_EXERCISE DIRECTIONS_: Would you retype, word for word, only the lines from the one holding "Maison Life 小居屋" through the final line of the entries below, without the pictures?
◇ ◇ ◇ ◇ ◇ ◇ ◇
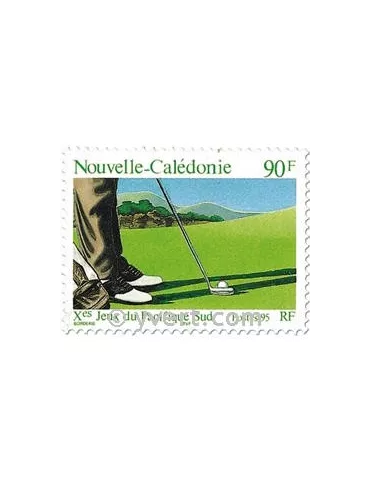n° 699 -  Timbre Nelle-Calédonie Poste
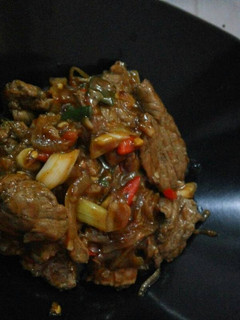 Foto resep Beef Teriyaki ala Indonesia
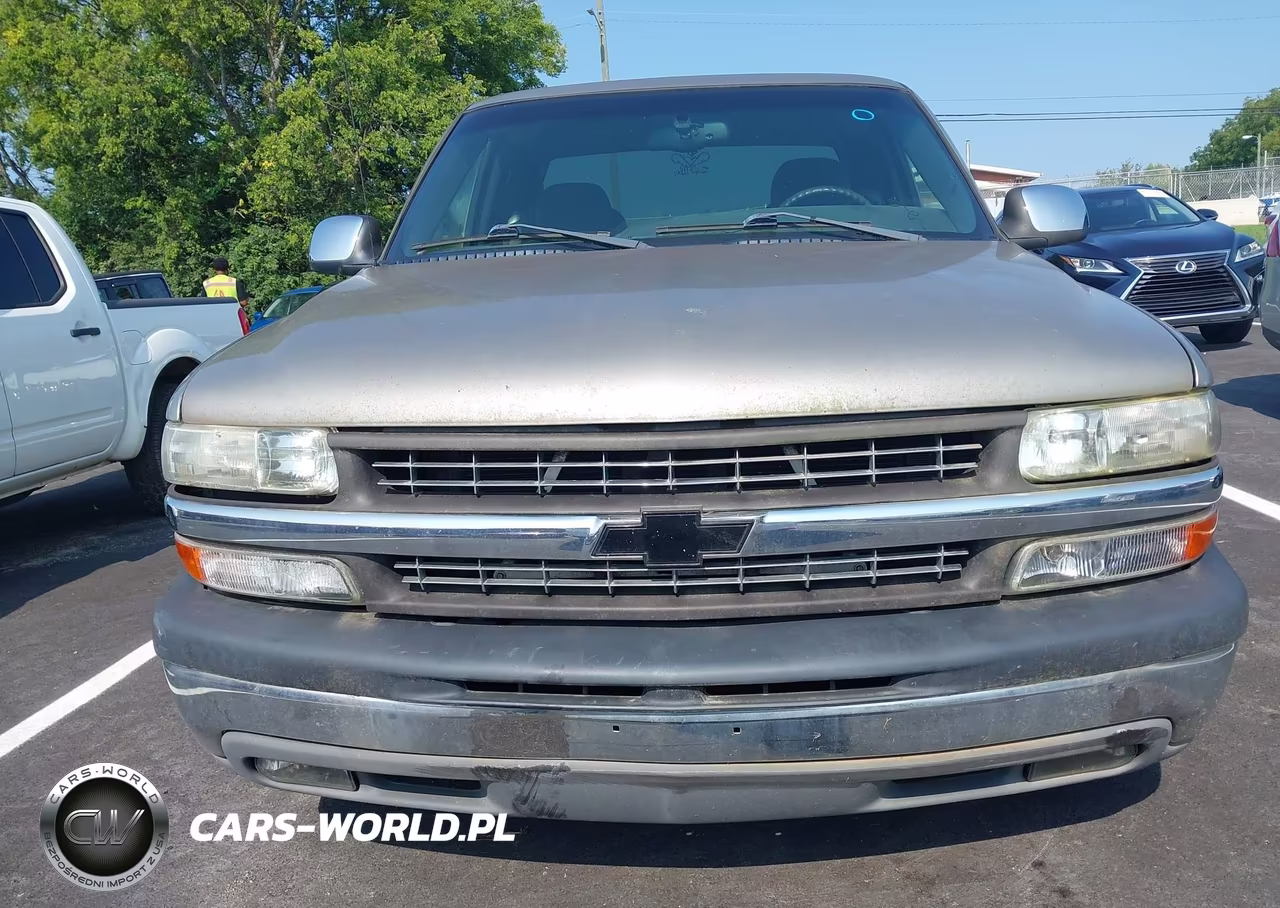 2001 Chevrolet Silverado 1500 Ls VIN:2GCEC19T611367815 - 6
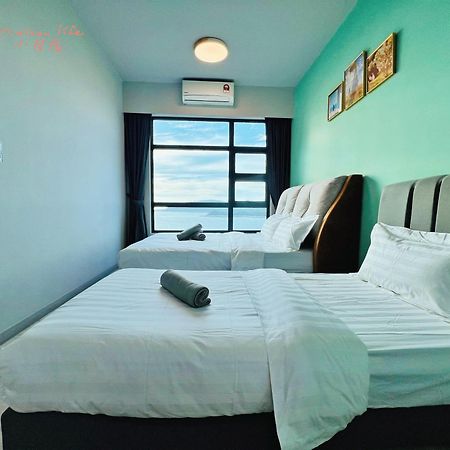 Maison Life 小居屋 Jesselton Quay Citypads Kota Kinabalu Bagian luar foto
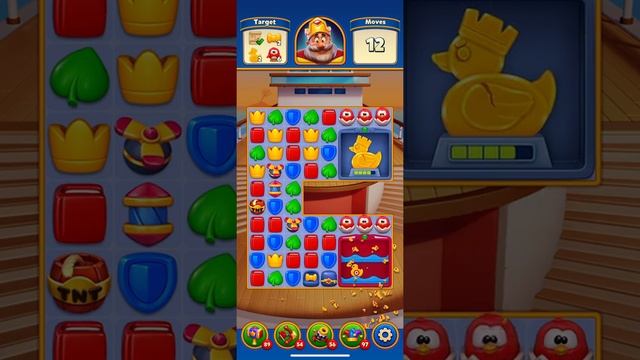 Royal Match LEVEL 3481 смотреть онлайн
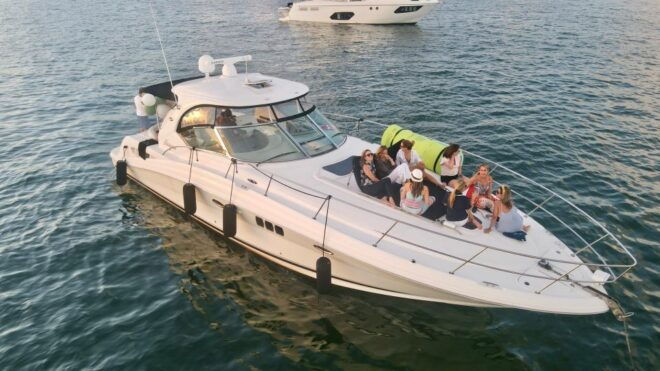 Miami Yacht Charter - Accessibility and Convenience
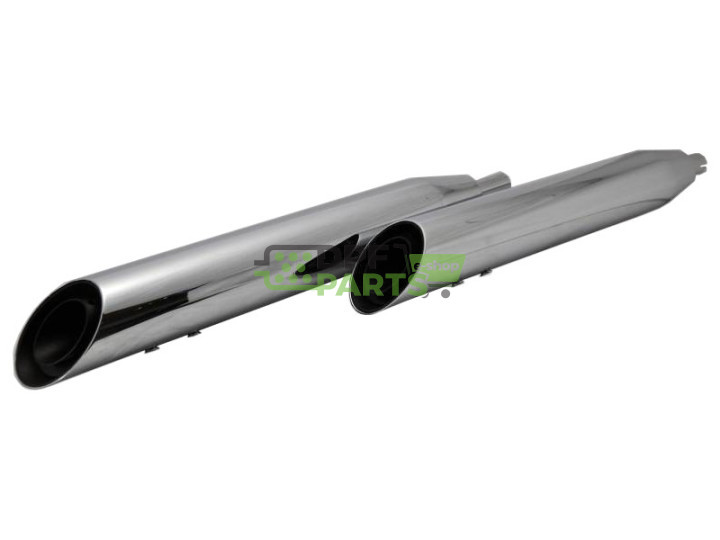 Tłumik / Yamaha Drag Star 650 do rocznika 2005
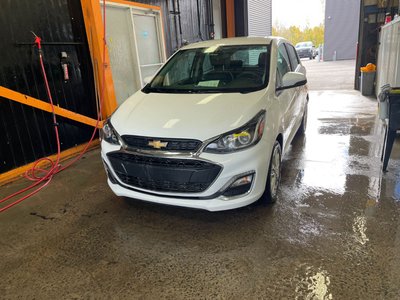 Chevrolet Spark 1LT AUTO *CARPLAY* A/C BLUETOOTH GR. ELECT *BAS KM 2021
◇ ◇ ◇ ◇ ◇ ◇ ◇
_ANSWER SPACE_:
 Maison Life 小居屋 Jesselton Quay Citypads Kota Kinabalu Bagian luar foto
 Royal Match LEVEL 3481 смотреть онлайн
 Miami Yacht Charter - Accessibility and Convenience
 Tłumik / Yamaha Drag Star 650 do rocznika 2005
 Chevrolet Spark 1LT AUTO *CARPLAY* A/C BLUETOOTH GR. ELECT *BAS KM 2021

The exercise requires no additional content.